Alan Wallace está chamando o projeto de “observatório da mente“. Segundo ele, a ciência desenvolveu ótimos métodos para investigar fenômenos cerebrais e comportamentais, mas ainda não há nenhuma aplicação do método científico aos processos mentais e emocionais. Wallace afirma que o instrumento para isso é a própria mente e que ela deve ser refinada e ajustada, assim como um microscópio para analisar células ou um telescópio para descobrir estrelas. Surgiriam, portanto, cientistas contemplativos, uma união do método científico e dos ensinamentos budistas sobre a mente:
“To help train such contemplative scientists who are expert in Buddhist theory and practice and are willing and able to collaborate with modern scientists, it is important to establish contemplative research centers, where intensive training is offered that integrates Buddhist theory and meditative practice. In the spring of 2010, such a center, called the Phuket Mind Training Academy (one of three facilities in the Phuket International Academy), will begin operating on the island of Phuket, off the west coast of Thailand. This will be a forty-room retreat center where a series of eighty-day intensive retreats will be offered each year. These will cover basic training in three phases: (1) the cultivation of renunciation, the four immeasurables, and śamatha, (2) the cultivation of the bodhicitta, namely, the altruistic motivation to achieve perfect enlightenment for the sake of all sentient beings, and mind training (blo-sbyong) (3) practices of vipaśyanā, specifically the four applications of mindfulness (dran pa nyer gzhag bzhi) according to both the Śrāvakayāna and Mahāyāna traditions of Buddhism. The central aim of this series of trainings is for students to achieve the Mahāyāna Path of Accumulation (tshogs lam), thereby setting out on the Bodhisattva path to enlightenment. On that basis, more advanced training will be offered in Vajrayāna theory and practice, including Mahāmudrā and Dzogchen.

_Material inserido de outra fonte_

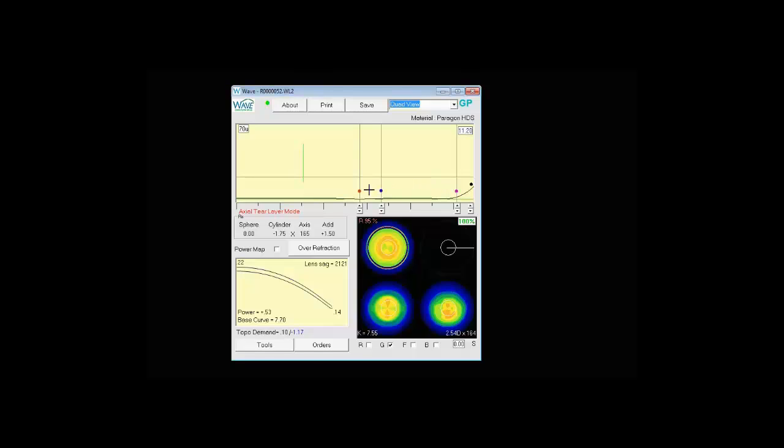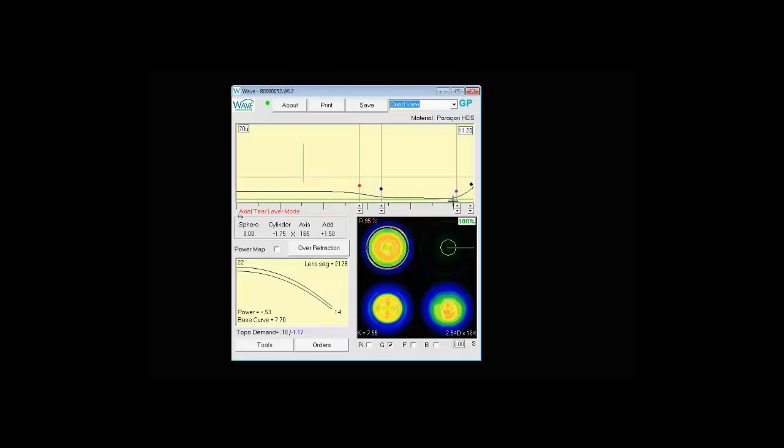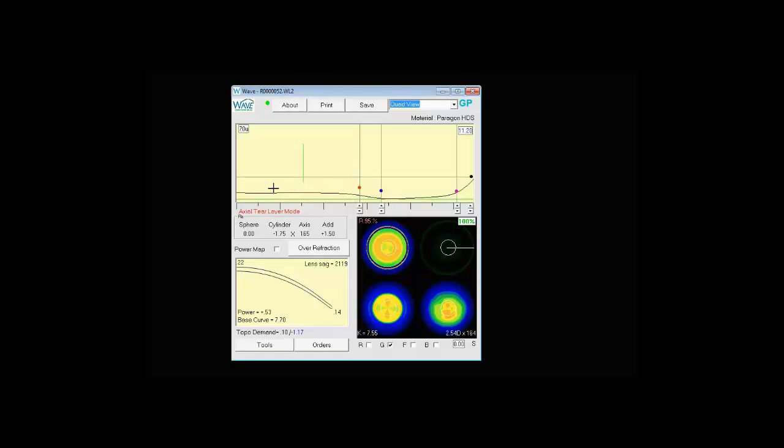If you prefer a different style of design you can alter that as you please. In this case if I click down a few times under the blue dot and up a few times at the pink dot, you'll notice now we end up with a little more central clearance, a little mid peripheral touch and a little higher edge lift. So based on your fitting philosophies you have the ability to design the lens as you like.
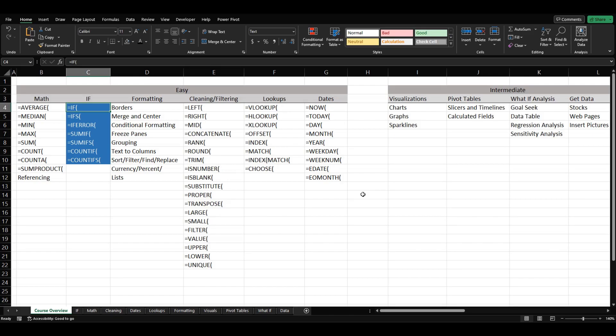Hey everybody and welcome back to the channel. Today we have another episode of Becoming Dangerous in Excel. In today's episode we're going to be going over some if statements. So we have if, ifs, if error, sum if, sum ifs, count if, and count ifs.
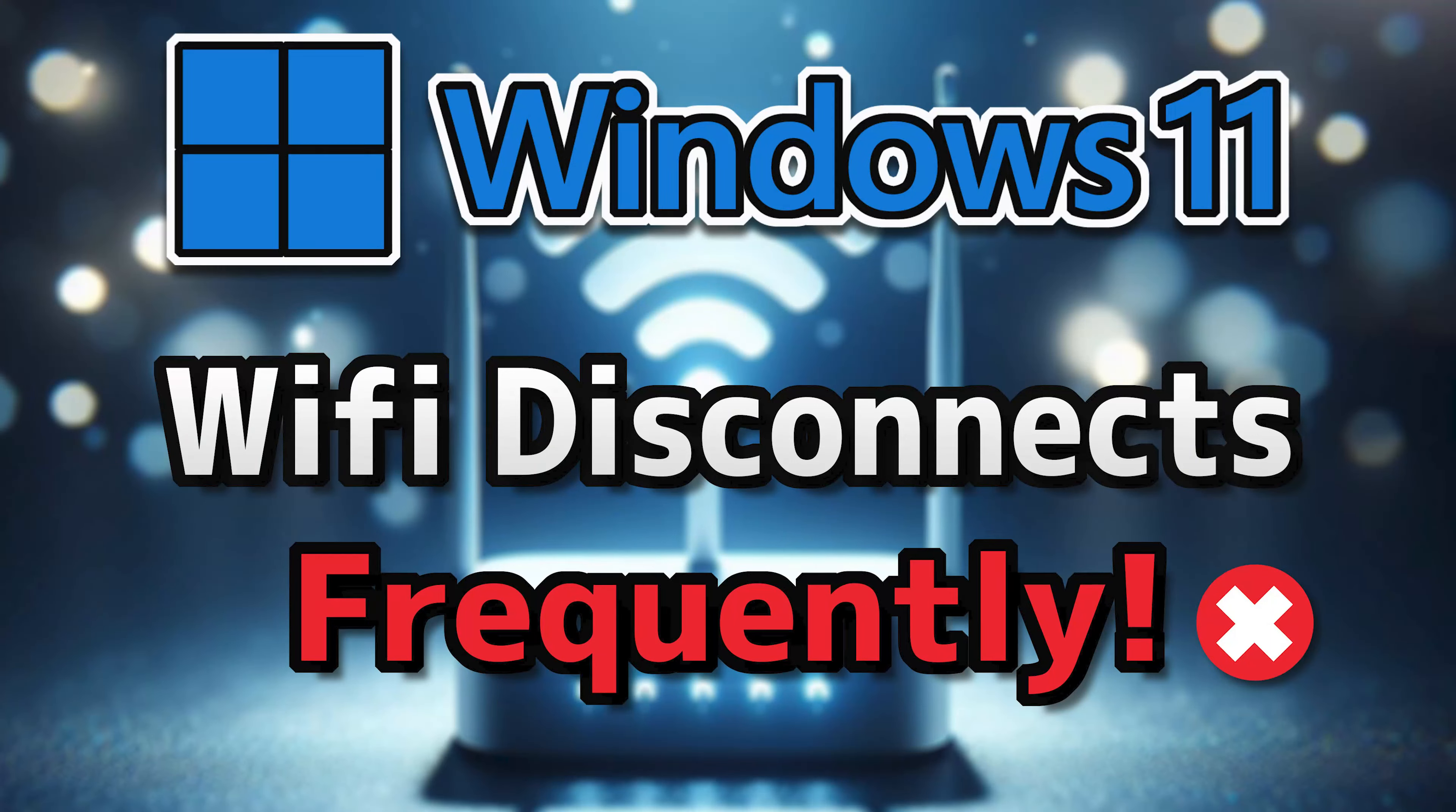Frequent Wi-Fi disconnections in Windows 11 can be caused by various factors, like power management settings. Windows power management settings may be configured to conserve power by turning off the Wi-Fi adapter after a period of inactivity, causing intermittent disconnections. It can also be caused by driver issues. Outdated or incompatible Wi-Fi drivers on your device can lead to connectivity issues, including frequent disconnections.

Obviously, eighty days is generally too short a period to master any of the above practices, we who are developing this retreat center are in correspondence with individuals and groups around the world who are establishing long-term retreat centers where people who already know how to meditate can continue in full-time, singlepointed practice for months or years on end for only the cost of their food and utilities. So people may come to the retreat center in Phuket for intensive, eighty-day trainings, then move to one of these “satellite centers” for as long as necessary to master the practices they are following. Eventually, we hope that the Phuket International Academy will also be able to provide accommodation and guidance for contemplatives to continue their training for months and years on end.
This center will also have a scientific laboratory where scientists will conduct research on the psychological and physiological changes that take place as a result of such intensive, sustained, meditative practice. Scientists will also be welcome to participate in the meditation courses, just as Buddhists will be encouraged to learn as much as they wish about scientific theories and practices. In this way we hope to train a new generation of “contemplative scientists” who are well versed in both science and Buddhism. Such individuals may take a seminal role in bringing about a renaissance in Buddhism and a revolution in the mind sciences.”
Alan Wallace vem ao Brasil em 2009. Em suas palestras, saberemos mais detalhes sobre o projeto.